05 February 2014

The Problem Isn't Bloat, It's Malnutrition

No, you weren't imagining it: administrative structures have expanded, and the rise in tuition has nothing to do with faculty salaries, which have stagnated.  Making matters worse, particularly for public higher ed: someone whose salary can be said to "stagnate" is doing better than growing numbers of the contingent professoriate who are increasingly replacing full-time tenure-stream faculty.
the number of full-time faculty and staff members per professional or managerial administrator has declined 40 percent, to around 2.5 to 1. 
Full-time faculty members also lost ground to part-time instructors (who now compose half of the instructional staff at most types of colleges), particularly at public master’s and bachelor’s institutions.
The problem is not just that administration has grown, it's that academic departments have not grown alongside them.
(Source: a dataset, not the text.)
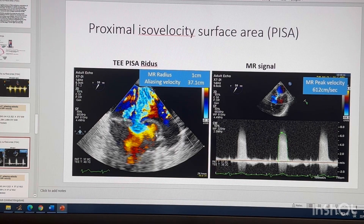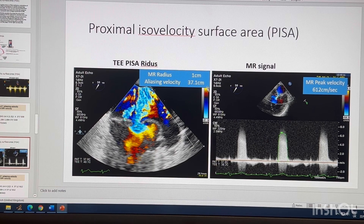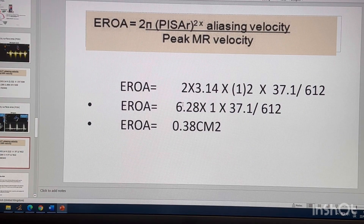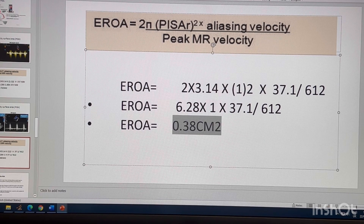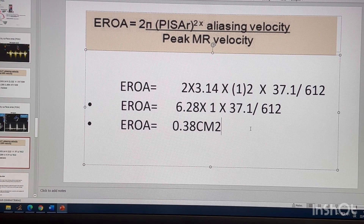Here is another example from a TOE patient. The baseline was taken upward, so you get a PISA radius of 1.0 cm, aliasing velocity of 37.1 cm/s upward, and an MR peak velocity of 6.2 m/s. Applying the formula gives an ERO of 0.38 cm², which is almost severe.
There is no doubt room to trim bureaucracy, and particularly to reconsider spending tuition and tax-payer money on endeavors that have nothing to do with the core mission of the public university (fielding farm teams for the NFL and NBA and advancing corporate business agendas come to mind).  But admissions, student support services, AA/EOE initiatives, career counseling?  For a college education to take place, a lot of things have to happen outside of the classroom, and they cost money.

What this report makes clear is that families are spending money and students are going into debt to pay for the support structure for teaching and a lot of things that may be well outside that support structure, but not the teaching itself.  They need to know that.




2 comments :

  1. Puzzled by the headline; shouldn't the conclusion be that we're suffering from both bloat and malnutrition?

    ReplyDelete
  2. Sure, but bloat is the symptom, and malnutrition is the underlying problem.